The workers who built my house brought a few dogs to protect them during the construction, but they left the dogs behind after they finished the house. One of the females gave birth to six pups just after we moved in. A new and exciting experience for me! Momma dog had found a very good place for giving birth, inside our neighbor's house, under the stairs. That house was still under construction and no one was living there at that time.

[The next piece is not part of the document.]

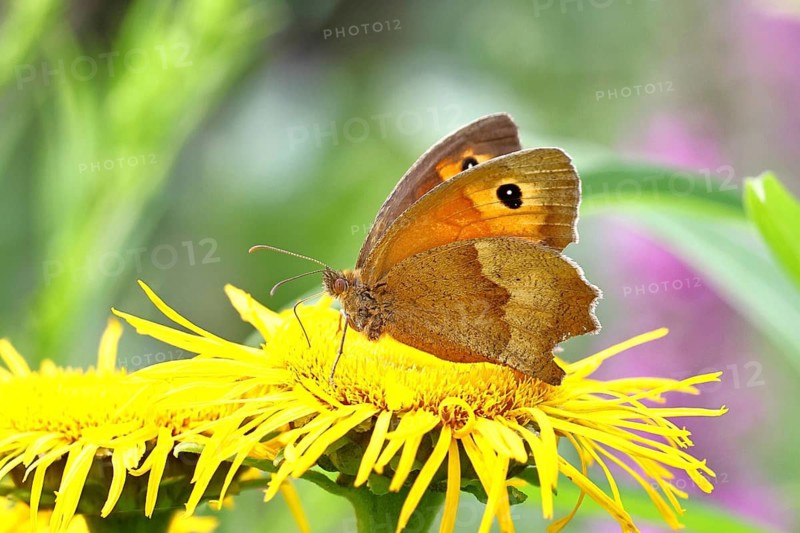 Meadow Brown (Maniola jurtina), feeding on nectar from a yellow coneflower (Rudbeckia) bloom, beautiful bokeh in the background, wildlife, insects, butterflies, diurnal butterflies, close-up, macro photograph, Wilnsdorf, North Rhine-Westphalia, Germany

It was summer, so they were all safe where they were, still I arranged a shelter for them with old blankets and a few wood boards. When fall came, I built a dog shelter for them, with the leftover wood boards I had from our construction. It wasn't nice, but it was big enough for all the puppies and the adult dogs. I took one of the dogs into my yard and a worker helped me build a dog house for him too. Since the pups were so small, the others used to come inside the yard through the fence - to my husband's despair - and were all cuddling inside the new dog house with their brother. Later, I found new homes for some of the pups and only two of them remained here with me.
Last year my husband helped me build a big dog house, thinking that they would all stay inside it, but he couldn't have been more wrong! Momma dog and Gavrila, the male were staying in there together, but they didn't allow any other dogs inside. Since the pups were grown, I thought it'd be better to build a dog house for each of them . I didn't have any wood boards left, but my neighbor had some and allowed me to choose as many as I needed. I also didn't have too many tools, just nails, a hammer and a saw.
This is the pattern I followed: a rectangle on which I nailed the floor, then wood poles on each corner, same sized wood boards nailed on them, on all sides. For the front panel, I found an already cut-up board, with a round opening as an entrance. I had to add more wood boards on the lower part to cover the holes on each side. For the roof I chose larger wood boards and nailed them to the side walls and to each other. Then I covered the front and back of the roof with smaller boards, sized as to fit in there.
I covered all the dog houses with plastic and nailed a tin sheet over the roof. I knew the wind was blowing from the northeast during winter, so I placed the dog houses back sides facing that direction. I put a few cardboard carton pieces on the floor and straw rugs over them. I stuck polystirene sheets on the inside walls as insulation, but they didn't last long in there because the dogs thought that was interesting and fun to tear appart during the long storms!
I was happy I could make these dog houses for my dog, although they aren't really well constructed. Last winter was very hard, with many snowstorms, but they were staying inside, protected from the snow and freezing weather. A few times I've found them almost buried alive with snow inside their dog houses, and I had to shovel them out.
I'm happy because they are happy, they have a shelter from bad weather and they are also loved, as well as fed. I hope you can make a dog house for your pet, perhaps with better materials and more tools. They all deserve our care and attention, for giving us so much and asking for so less. Their unconditional love can be a lesson for us all!